This should return the table:

┌───┬────────────┬────────────┬─┬────────────────────┬──────────┬─┐
│[A]│            │[+]    Spain│ │                    │          │ │
│   │The_rain_in_│[-] Cataluña│_│falls_mainly_on_the_│plain     │.│
├───┼────────────┼────────────┼─┼────────────────────┼──────────┼─┤
│[B]│            │            │ │                    │[+]  plain│ │
│   │The_rain_in_│Spain_      │ │falls_mainly_on_the_│[-] street│.│
└───┴────────────┴────────────┴─┴────────────────────┴──────────┴─┘

In this table the <del>eted text is indicated with [-], and the <add>ed text with [+]. Significant whitespace in the witnesses is indicated with _

Get a .dot visualization of the collation graph:

The .dot file outputs the collation as a variant graph. GET /collations/{name}.dot
Click on Try it out, enter the name of your collation and click on Execute.
This should return response code 200 - OK
The response body has the .dot representation of the collation graph.
This should return the response body:

digraph CollationGraph{
labelloc=b
t000 [label=“”;shape=doublecircle,rank=middle]
t001 [label=“”;shape=doublecircle,rank=middle]
t002 [label=<A,B: The&#9251;rain&#9251;in&#9251;<br/>A,B: <i>/xml</i>>]
t003 [label=<A,B: plain<br/>A: <i>/xml</i><br/>B: <i>/xml/add</i><br/>>]
t004 [label=<A,B: .<br/>A,B: <i>/xml</i>>]
t005 [label=<A: Cataluña<br/>A: <i>/xml/del</i>>]
t006 [label=<A: Spain<br/>B: Spain&#9251;<br/>A: <i>/xml/add</i><br/>B: <i>/xml</i><br/>>]
t007 [label=<A: &#9251;<br/>A: <i>/xml</i>>]
t008 [label=<A,B: falls&#9251;mainly&#9251;on&#9251;the&#9251;<br/>A,B: <i>/xml</i>>]
t009 [label=<B: street<br/>B: <i>/xml/del</i>>]
t000->t002[label=“A,B”]
t002->t005[label=“A”]
t002->t006[label=“A,B”]
t003->t004[label=“A,B”]
t004->t001[label=“A,B”]
t005->t007[label=“A”]
t006->t007[label=“A”]
t006->t008[label=“B”]
t007->t008[label=“A”]
t008->t003[label=“A,B”]
t008->t009[label=“B”]
t009->t004[label=“B”]
}

Which, when rendered as png using the dot tool from Graphviz or using GraphvizOnline, gives:

In this representation, significant whitespace in the witnesses is represented as . You can turn this off by adding ?emphasize-whitespace=false to the url.

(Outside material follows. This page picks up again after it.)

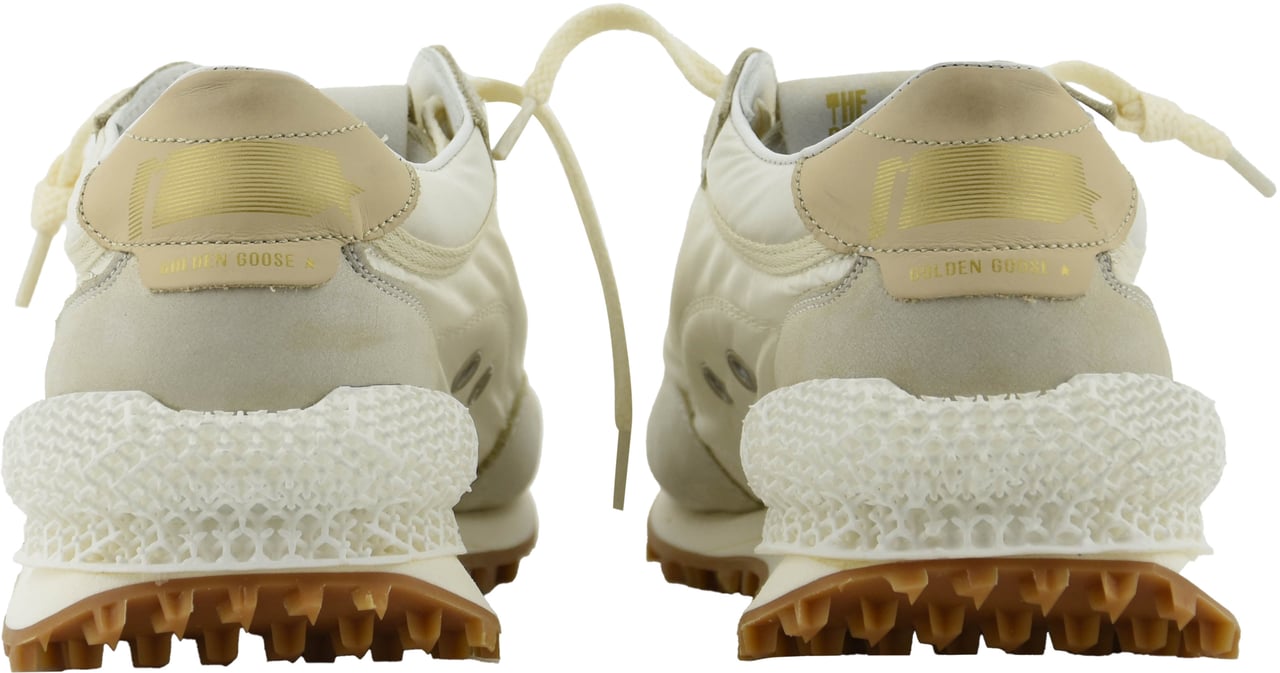 Golden Goose Marathon White Beige Wit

The markup of the witnesses is represented as separate lines in the node with, per witness, the xpath to the text. For example, the first text node in the collation graph with ( A,B: The_rain_in_ / A,B: /xml ) indicates that the matched text "The rain in " has markup xml in both witnesses. Again, you can turn off the markup lines by adding ?hide-markup=true to the url.

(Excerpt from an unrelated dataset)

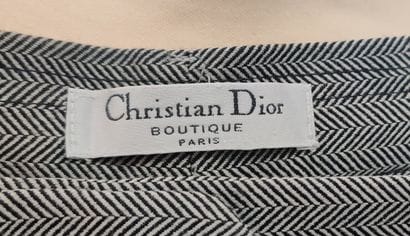 DIOR Christian
Grey herringbone pants and...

If you have GraphViz' dot executable installed, you can get a .png or .svg image directly from the server by replacing the .dot extension in the url to .png or .svg, respectively.

Get a .dot/.png/.svg visualization of the witnesses:

GET /collations/{name}/witnesses/{sigil}.dot
GET /collations/{name}/witnesses/{sigil}.png
GET /collations/{name}/witnesses/{sigil}.svg

Click on Try it out, enter the name of your collation and the sigil of the witness, and click on Exectute. This should return response code 200 - OK. The response body has the .dot , .png or .svg representation of the witness. This should return an image like this:

To group the text nodes per markup combination, add ?join-tokens=true to the url.

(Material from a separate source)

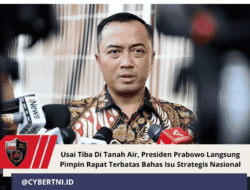 Usai Tiba Di Tanah Air, Presiden Prabowo Langsung Pimpin Rapat Terbatas Bahas Isu Strategis Nasional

This should return an image like this:

2.Command Line

You can also interact with the HyperCollate server via the command line. Interaction can be done in the computer language of your choice or with Curl, a command line tool often used to interact with RESTful APIs.

Below, we’ll give examples using curl.

IMPORTANT: Make sure to run the curl commands in a new terminal window; not in the same window as where HyperCollate is running. We recommend you simply open a new tab in your terminal (with cmd + t, so that you are in the right directory.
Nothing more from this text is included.